Are Estate Trustee’s open to personal liability for negligence, when handling an Estate? Trustee’s of deceased Estates are subject to numerous duties that they have a legal obligation to carry out including paying the debts of the Estate, gathering in the assets of the Estate and ensuring that the Estate is distributed to the beneficiaries named in the Will in a timely manner.
A failure to perform the obligations of an Executor properly can lead to allegations of negligence made by the beneficiaries of the Estate against the Executor. In some circumstances an Executor will be personally liable to the beneficiaries, if they have been negligent in their handling of the Estate. Some common examples of negligence are an Executor improperly benefiting from the assets in the Estate, by appropriating them for themselves and delays in distributing the assets of the deceased Estate. One situation that is becoming more common is an Executor distributing the assets in the Estate to the beneficiaries named in the Will, when the Executor is aware that the Estate is going to be subject to a Will Challenge.
This is what happened in a New South Wales Supreme Court case Ernst v Mowbray  NSWSC 1140. In this case the deceased died in 2001 and his last Will was dated 1987 in which he appointed his son and daughter the Executors of his Estate and left them the whole of his Estate in equal shares. The Estate was valued at approximately $200,000.
The deceased had been married three times and had two children from his first marriage. The deceased married his third wife in 1983 and was still married to her at the time of his death. In his Will the deceased stated that he had made no provision for his third wife as he believed that the was adequately provided for in regard to the length of their relationship and her contribution to his assets.
The deceased’s children received notice of the third wife’s intention to make a family provision claim however, paying no attention to this claim, they distributed the Estate to themselves with both son and daughter receiving approximately $100,000 each.
The deceased’s wife’s family provision claim ultimately failed however the Court did look at the actions of the Executor’s in a premature distribution of the Estate and whether they are personally liable to a successful Will Challenger who suffers loss as a result of an early distribution of the Estate.
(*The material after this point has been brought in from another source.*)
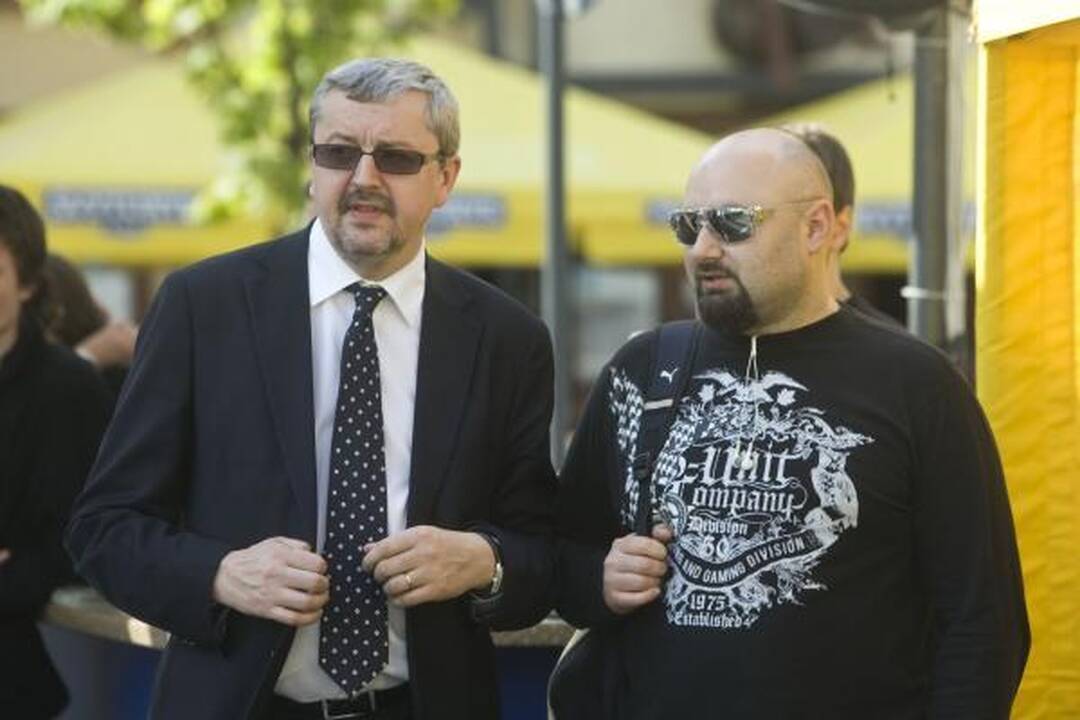 Rotušės aikštėje - futbolo varžybos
The Court made it quite clear in their decision that where there has been a premature distribution of an Estate the Court will make an order that the Executors of the Estate personally restore the money they have taken in addition to interest on that money. On this basis, even though the claim by the deceased’s third wife was unsuccessful, the Court did not make the usual Orders that she pay the legal costs of the Estate instead ordering that the Executors pay their own legal costs which were estimated at about $35,000.